Data Streams

Introduction

A data stream is a continuous flow of data generated from various sources such as websites, mobile apps, email providers, social media, and other digital platforms. Data streams typically involve high volumes of data generated in real-time or near-real-time, making it necessary to process and analyze the data as it arrives.

Lytics allows for creating any number of data streams to provide logical distinctions among data sources in either type or scope. For example, data describing email subscriber attributes should exist on a different data stream than one describing email subscriber activity. This ensures maximum flexibility when defining the relationships between sources and how they ultimately are unified into a materialized user profile.

What is an "event?"

In Lytics, an "event" is an action or activity performed by a user or a customer, such as visiting a website, purchasing, or subscribing to a newsletter.
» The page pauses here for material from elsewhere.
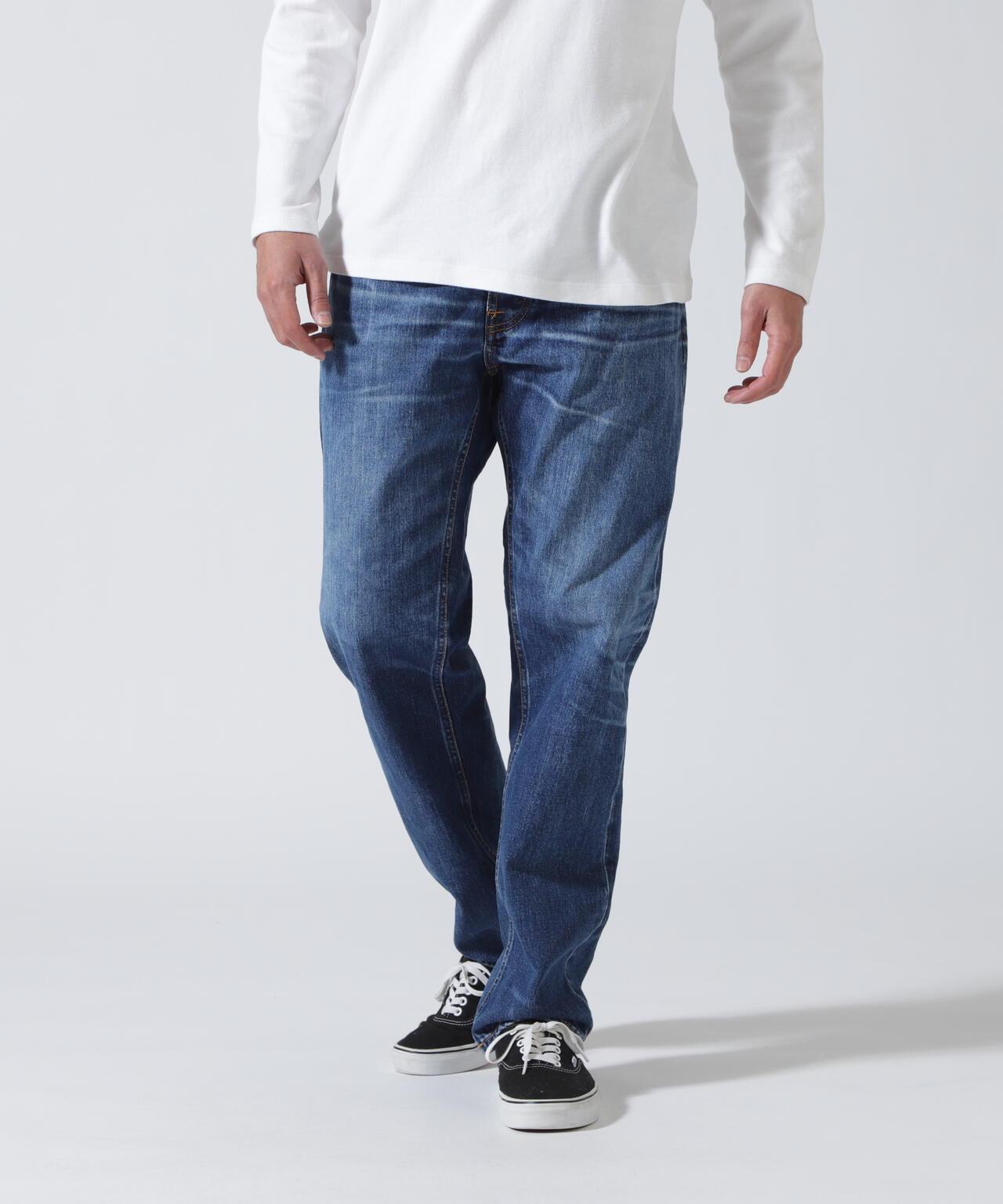 NUDIE JEANS Solid Ollie Life Tracks 牛仔褲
As pictured below, events are showcased as independent key/value pairs on a single data stream. These keys are then translated into Fields & Mappingsin order to materialize to user profile for segmentation.

Exploring Data Streams

Lytics will ingest data that is sent to one of Lytics' Collection APIs: the collect API or the bulk API. The bulk API is generally intended for larger imports of offline data, while the collect API is generally intended for more real-time sources and usage.

Viewing Your Data Streams

You can view information about your data streams in your Lytics dashboard by navigating to Conductor > Pipeline > Streams. The primary purpose of this section is to verify that data is successfully being received by Lytics. If your account has multiple data streams, you can view a different stream from the dropdown menu above the graph.

Many integrations have multiple streams. For instance, it is common for email integrations to have an activity stream and a user stream. Integration streams should be prefixed to help identify the source. You can find the streams for integration under the documentation for that integration.

📘

The number of keys in a data stream can be extremely large. This is normal and does not impact performance. Any keys that comprise less than 0.1% of the data volume OR have not been seen in 7 days will be hidden from display to reduce clutter.

Event Ingress Graph

The event ingress graph shows the number of events collected on a stream for the selected time period (past day, week, month, 3 months, and year) and interval (hourly, daily, weekly, and monthly). Above the graph, you will find the time the last message from this stream was received, the source of the data stream, and the number of fields in the stream.

📘

Last message received strives for real time reporting but can lag under a number of conditions including during bulk imports. If a data stream is not updating as expected please contact Lytics Support for assistance.

Raw Keys Table

Below the event ingress graph is the raw keys table. An event may contain any number of key-value pairs. Each record in this table represents a unique raw key seen on the stream in at least one event.

The table has the following information on keys:

ColumnDescription
NameThe name of the key.
Predicted TypeThe assumed data type for the value is determined by sampling the values received.
First SeenThe date the key was first seen, according to the date of the event.
Last SeenThe last time a key was seen, according to the date of the event.
Times SeenThe number of events that contained the key.
Unique ValuesThe number of different values seen.
Times UsedThe number of user fields that use the key.

In addition to these seven columns, each record in the table can be clicked to open up a set of sample values. This can be used to verify that values are being collected and they match the expected data.

📘

If a key has many different values, the modal may not display all the values for the chosen key.

The table can be filtered in three ways: used vs. unused, common vs. uncommon, and text search.

FilterDescription
UsedA raw key that is mapped to a user field.
UnusedRaw keys are collected and stored but never mapped to user fields.
CommonRaw keys that have been seen more often on events relative to other raw keys based on the times seen value.
UncommonRaw keys are seldom seen on events relative to other raw keys.

Hiding Keys

Raw event keys can be hidden, but it is important to note that keys cannot be made visible again through the user interface - only through the API. It is recommended that a list is kept of hidden keys in the event one needs to be resurfaced at a later date. If you need assistance, please contact Lytics Support with your key name and account ID.

To hide a key:

  1. Select the checkbox next to the name of the key or keys.
  2. Click Remove selected key.

Final Thoughts

Having logically differentiated data streams for different data sources also helps to facilitate a more straightforward process for mapping data from data sources to user profiles. However, integrating data from some data providers can make this distinction difficult. For example, data routers like Segment or Rudderstack can route data from multiple sources into a single destination, like Lytics.